# Help Choose Kitchen Appliances PLZ



## internalharm (Jun 11, 2009)

Hello everyone! I'm planning to remodel the kitchen. I already choose the cabinet, counter top, floor. Now it's time to choose the appliances. I'm planning on going for a higher-end appliances. BTW my kitchen are not that big. I was just wondering which one company to buy. They are all built-in. Here are my selections.

36" Blue Star Cook-top (22k btu gas) or 36" Wolf Range-top (16k btu gas) 
Both are 6burnerss.
Which one to choose?

42" Viking Side by SideRefrigeratorr or 42" Subzero Side by SideRefrigeratorr
Which one is better/ the one I should get?

30" Wolf Oven E Series
Was thinkin of Viking but I do want the dual fan.

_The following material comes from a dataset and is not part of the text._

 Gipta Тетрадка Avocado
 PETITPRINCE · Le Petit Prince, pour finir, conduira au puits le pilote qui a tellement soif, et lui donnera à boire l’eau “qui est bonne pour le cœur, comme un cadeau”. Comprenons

24" Viking Custom Front Intelli-Wash Dishwasher - DFB450
Viking was the only one I can think of, any suggestion?

36" Wolf Pro Wall Hood 24" Wide
Not sure if they come with optional dual motor.

24" Wolf Microwave 
A little bit confused about the difference in: Convection Microwave, Microwave, and Drawer Microwave Oven.

Wolf Warming Drawer
Not sure if I should get it or not? Is it really worth it?

No Trash Compactor, had bad exsperience with my old one.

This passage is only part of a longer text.